2.2. Assessment of cell proliferation
AlamarBlue® assay (Invitrogen, Carlsbad, CA, USA) was performed to evaluate anti‐proliferative activity of the drugs in cell lines and primary cells. Cells were plated in 96‐well plates (5 × 105 cells/well in 200 μL of medium). After 12 h, drug (PU‐H71, bortezomib or combination) was added to each well at a particular concentration and incubated for 72 h. At the end of the incubation period, 20 μL of stock solution (0.312 mg/mL) of the Alamar Blue was added to each well. Absorbance was measured using the Synergy H1 hybrid multi‐mode microplate reader (BioTek, USA). The drug effect was quantified as the percentage of control absorbance at 540 nm and 585 nm. Optical density was determined for 3 replicates per treatment condition and cell proliferation in drug‐treated cells was normalized to their respective controls. All experiments were performed in triplicate.
2.3. Flow cytometry
Apoptosis and cell viability were determined using Annexin V‐APC (BD Pharmingen, San Diego, CA) staining and 7‐AAD (BD Pharmingen, San Diego, CA) staining according to the instructions by the manufacturer and as previously published (Schmid et al., 1992; van Engeland et al., 1996).
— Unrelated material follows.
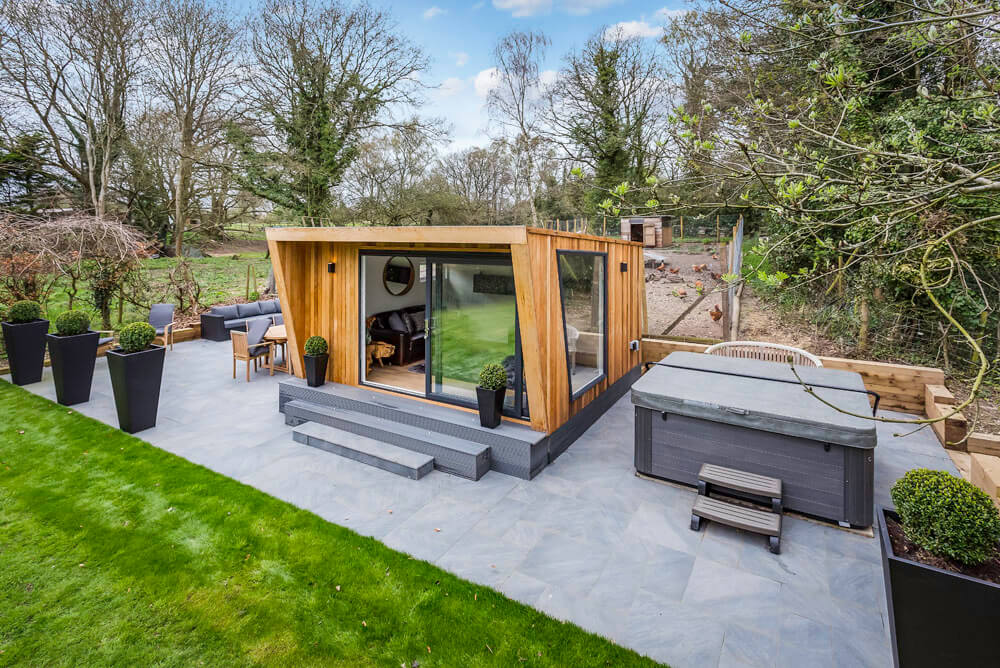 Garden room with a hot tub and garden furniture outside.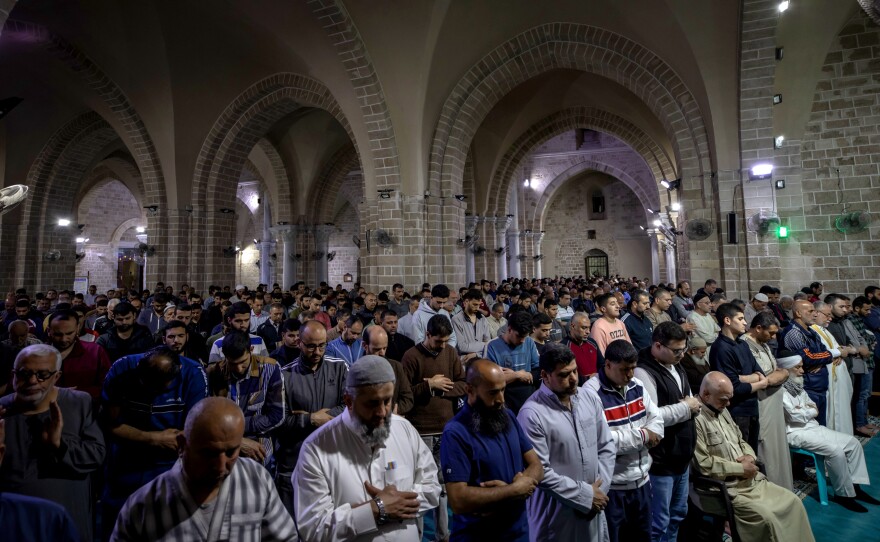 Palestinians perform the last Tarawih prayer during the holy month of Ramadan at the Omari Mosque in old Gaza on April 30, 2022 in Gaza City, Gaza.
Cell cycle fractions were determined by propidium iodide nuclear staining. Briefly, cells were harvested, washed in PBS, fixed with 70% ethanol, and incubated with propidium iodide/RNase buffer (BD Biosciences, San Diego, CA) for 15 min at room temperature. Data were collected on BD LSR Fortessa fluorescence‐activated cell analyzer using BD FACS Diva software and analyzed using FlowJo version 9.6 software (Tree Star, Inc. Ashland, OR). Cell cycle analysis was done by applying the Dean/Jett/Fox cell cycle model using FlowJo software.
2.4. Clonogenic assay
Clonogenicity of Ewing sarcoma cell lines was tested according to the protocol described by Franken et al. (2006). Plating efficiency (number of colonies/number of cells seeded ×100) for A673, SK‐PN‐DW, CHP100 and TC71 cell lines was established initially by plating 250–2000 cells per well in 12 well plates. Cells were treated with different concentrations of PU‐H71 ranging from 0.125–2 μM for 48 h. Viability was checked with trypan blue and 500 viable cells were plated in each well in triplicate. The plates were kept in the incubator for 5–7 days to allow time for at least 6 cell divisions. Colonies were fixed and stained with a mixture of 6% glutaraldehyde and 0.5% crystal violet for 1 h. The assay was repeated three times. Colonies that have at least 50 cells were counted under the microscope for each treatment condition.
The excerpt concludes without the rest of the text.